However, non-technical users typically don't want to look at code at all, and now Confluence won't make them.
Partly for that reason, analyst rankings of the leading enterprise social software vendors typically consign Atlassian to second-tier status. Gartner's August report on Social Software in the Workplace classified Atlassian as a "challenger," compared with category leaders IBM, Jive, and Microsoft, and specifically cited "Confluence's traditional wiki-style editing" as a key weakness, at least until the promised rich text editor was delivered.
For Atlassian, the challenge has been creating a "round trip" editor that would make routine document creation and editing easy through the rich text editor, while still allowing power users to toggle into wiki code editing mode. The trick is to make sure the two work together smoothly, so that anything entered in code is accurately reflected in the rich text editor, while changes can be made in the rich text editor without garbling the underlying code. This is similar to the challenge faced by visual editors for other sorts of web content, where the underlying HTML and CSS code must be preserved by the rich text editor. Although Confluence has offered a rich text editor in previous releases, users who preferred working that way still found themselves resorting to the code view to correct errors. With Confluence 4, that should no longer be necessary.

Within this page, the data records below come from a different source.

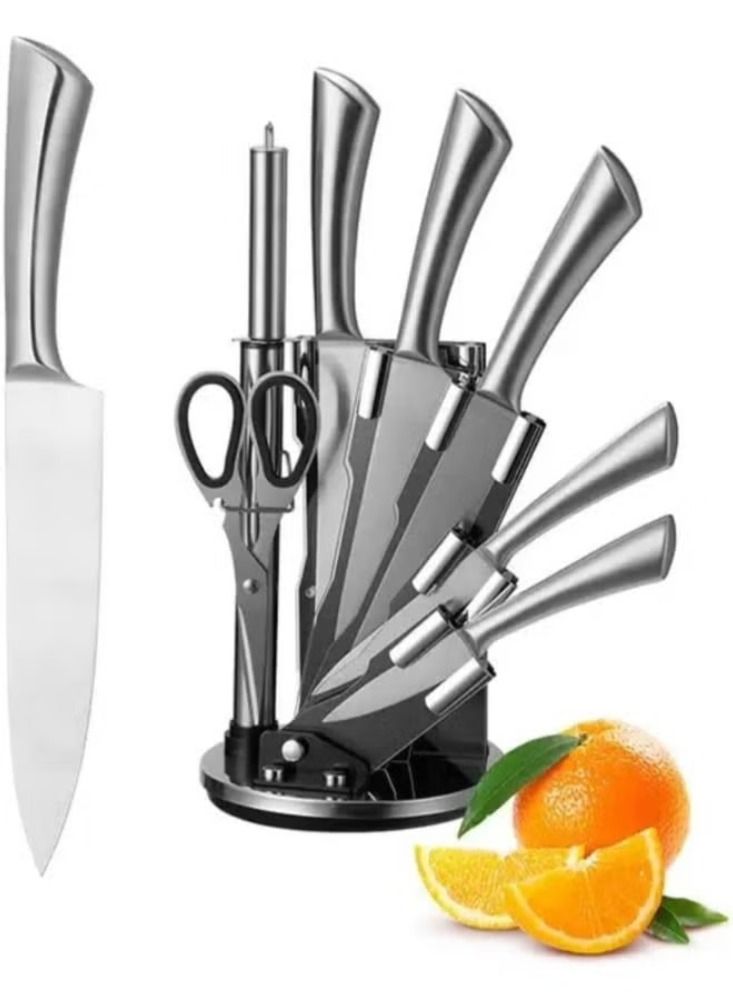 Dream Zone 8-Piece Knife Set With Rotating Stand Silver - Image 1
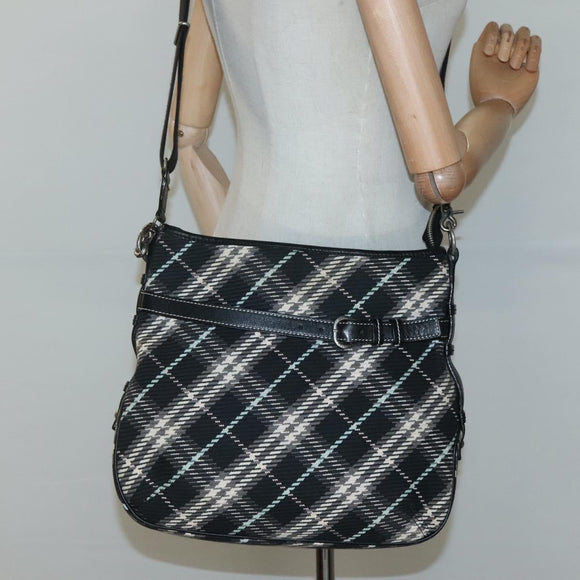 BURBERRY Nova Check Blue Label Shoulder Bag Wool Black Silver Auth 117790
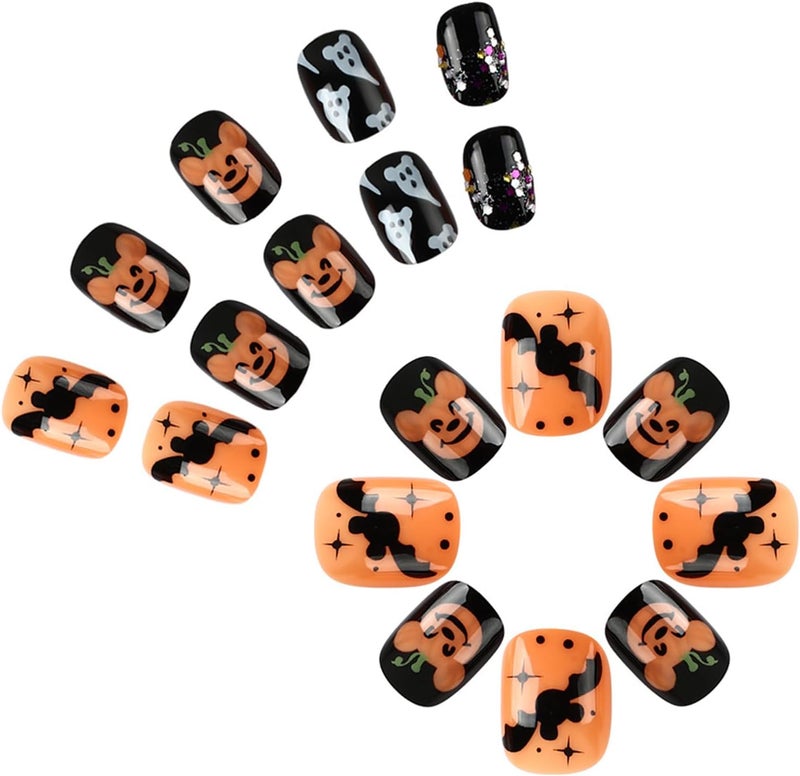WULIUFLY Carefully selected material 24Pcs Short Press on Nails Halloween Fake Nails Oval Orange Black Glue on Nails Cute False Nails Full Cover Ghost Bat Acrylic Nails Design Short Nails Press ons Halloween Nails Artificial Nails Kit Transit damage minimized design - Image 4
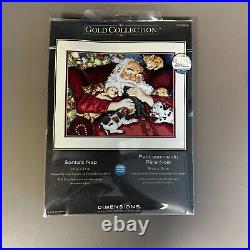 Dimensions Gold Collection SANTAS NAP Cross Stitch Christmas 2009 #70-08836 NEW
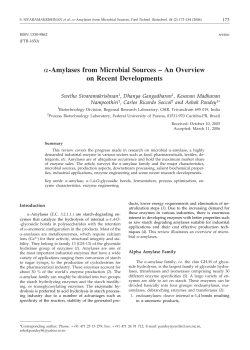 a-Amylases from Microbial Sources &ndash; An Overview on Recent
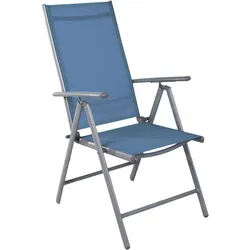Mojawo, Gartenstühle, 6er Set Garten Klappstuhl Aluminium - Textilen Silbergrau/Petrol
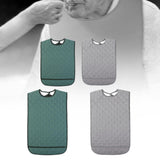 Maxbell Large Elder Bib Washable Reusable Practical Adult Bibs for Eating for Adults Green S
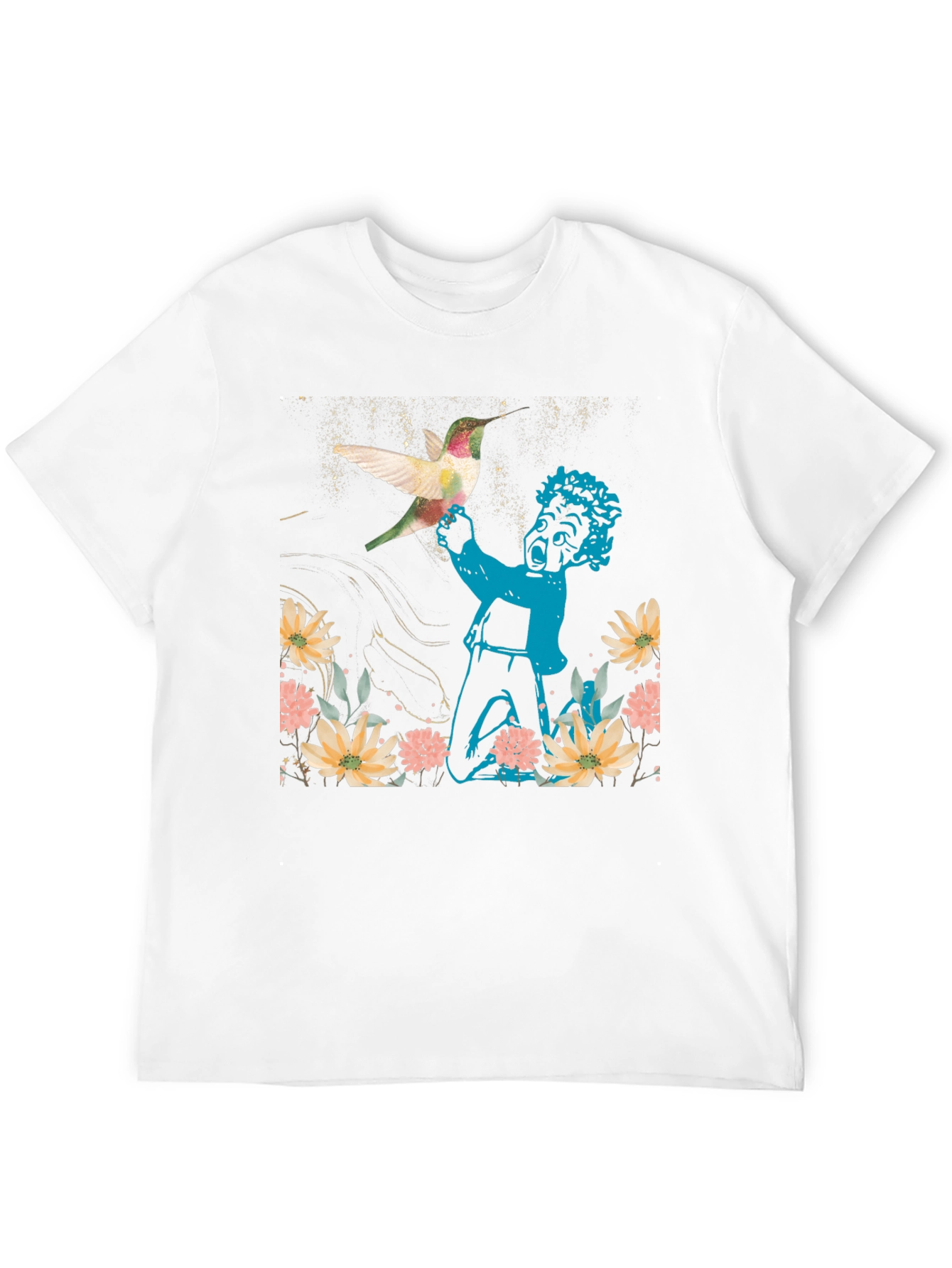 Hummingbird & Boy Graphic T-Shirt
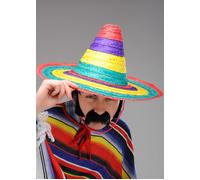 Adult Small Bright Mexican Bandit Sombrero Hat Western Wild West Fancy Dress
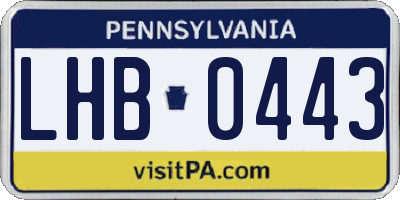 PA license plate LHB0443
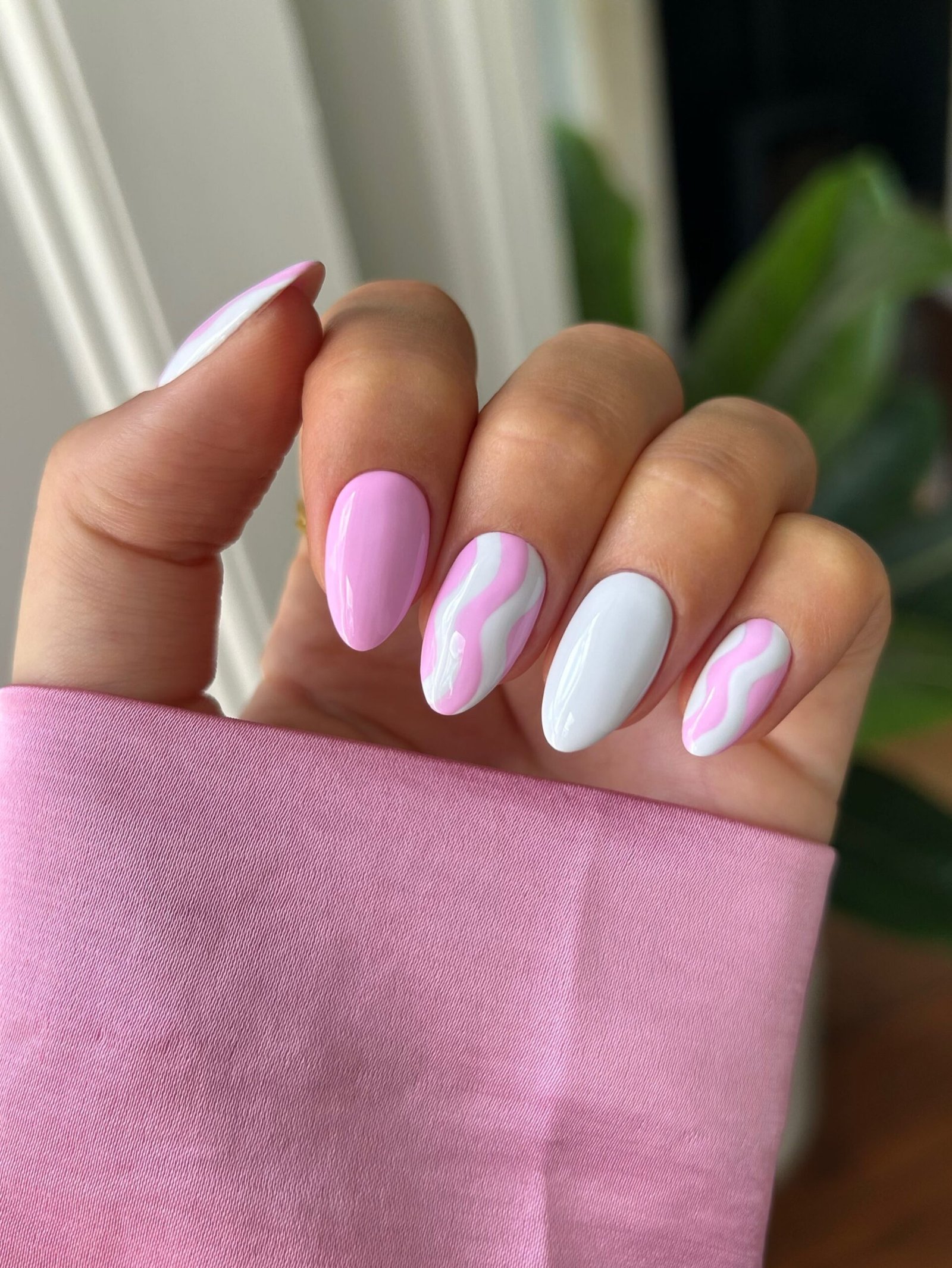 Pink White Swirl Nails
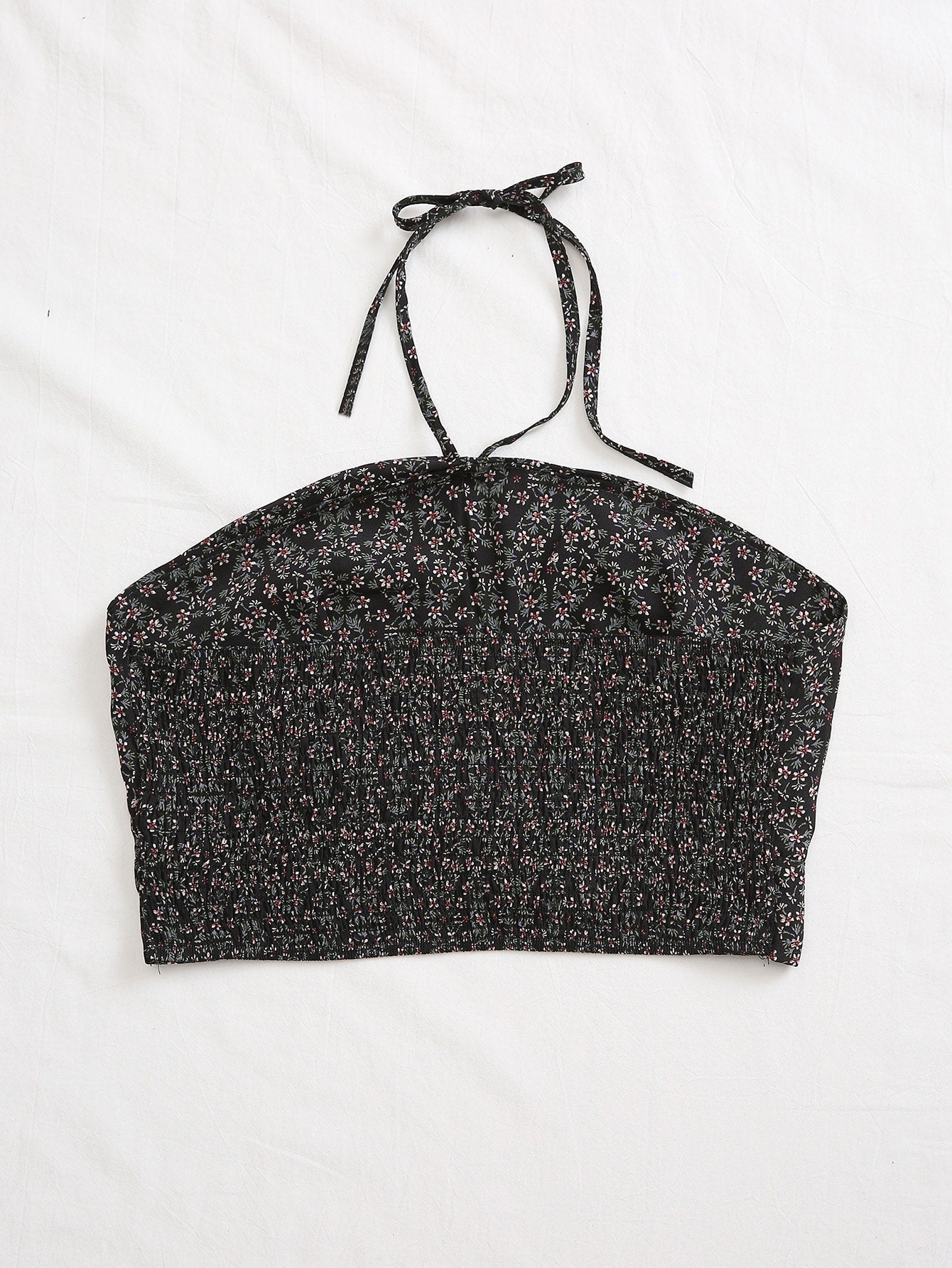 Cut Out Front Ditsy Floral Halter Top - Negative Apparel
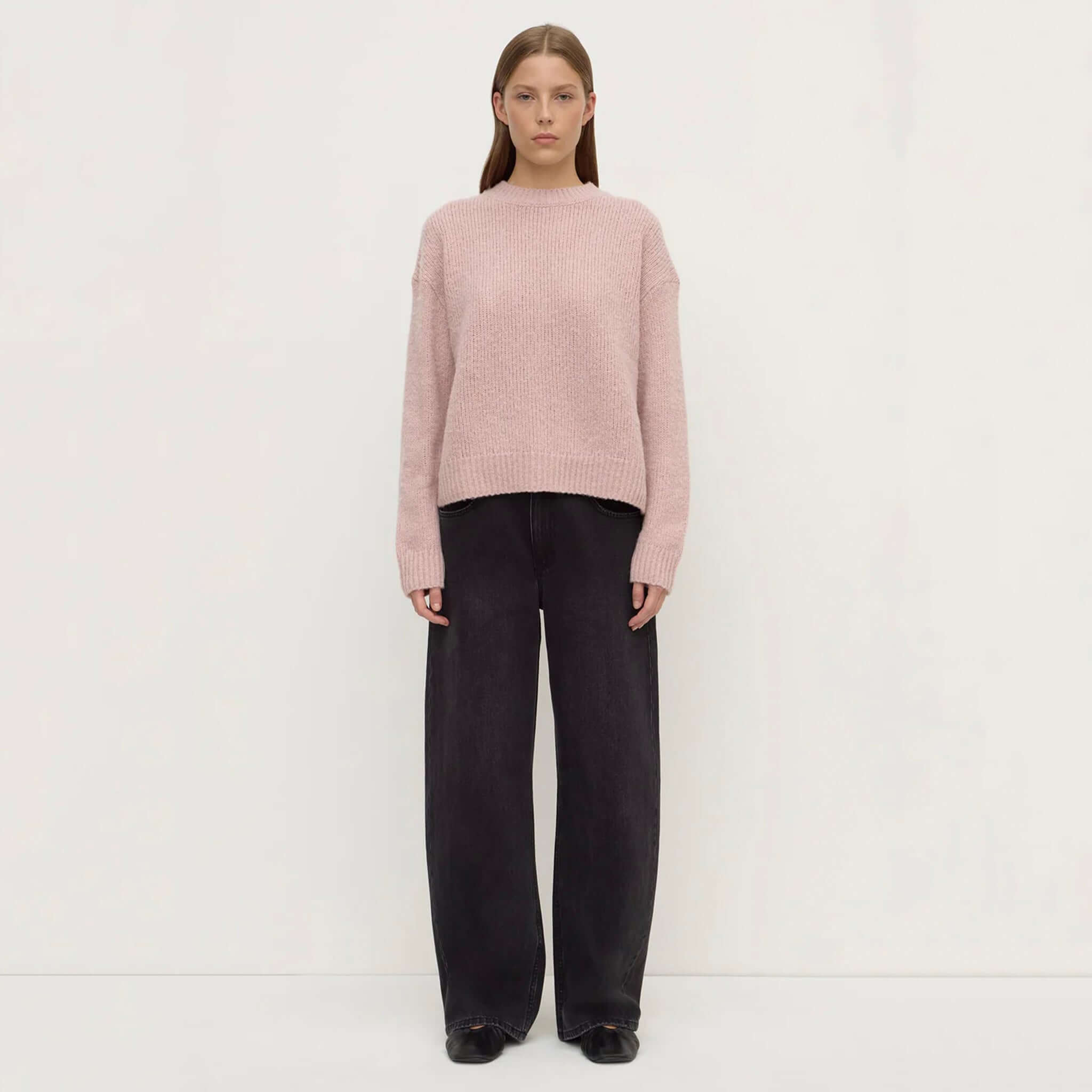 Alt Tag: Assembly Label Ariel Alpaca & Wool Knit Jersey - Blush soft pink crew neck knit with ribbed cuffs and hem on model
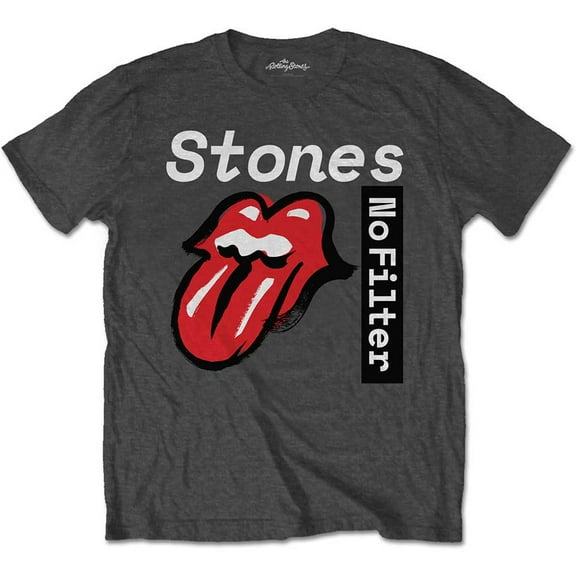 Men's Rolling Stones No Filter Text Slim Fit T-shirt Small Grey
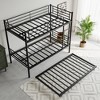 SeaCamel Twin Bunk Bed with Trundle Metal Bunkbeds with Ladder and Full-Length Guardrail, Noise Free, No Box Spring Needed, Black - 2 of 4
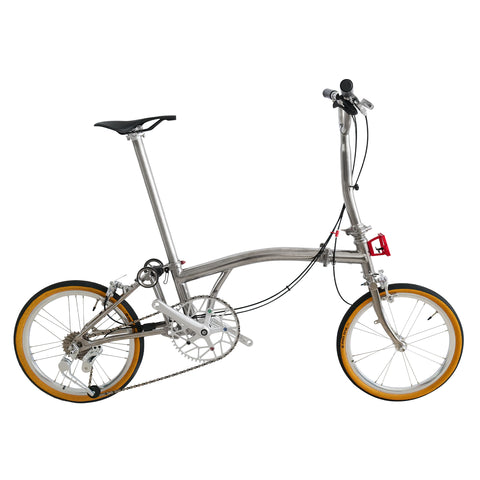 7 speed full aero titanium brompton bike with carbon wheelsets  hand polished mirror finish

The new editor also provides autoformatting and keyboard shortcuts to speed content creation and editing, as well as an autocomplete function to simplify adding dynamic content to pages.
Atlassian offers a downloadable 10-user version for $10, with the proceeds donated to charity. You can also get a 30-day free trial of the software, either as downloadable or hosted software. Downloadable versions are available for Windows and Linux.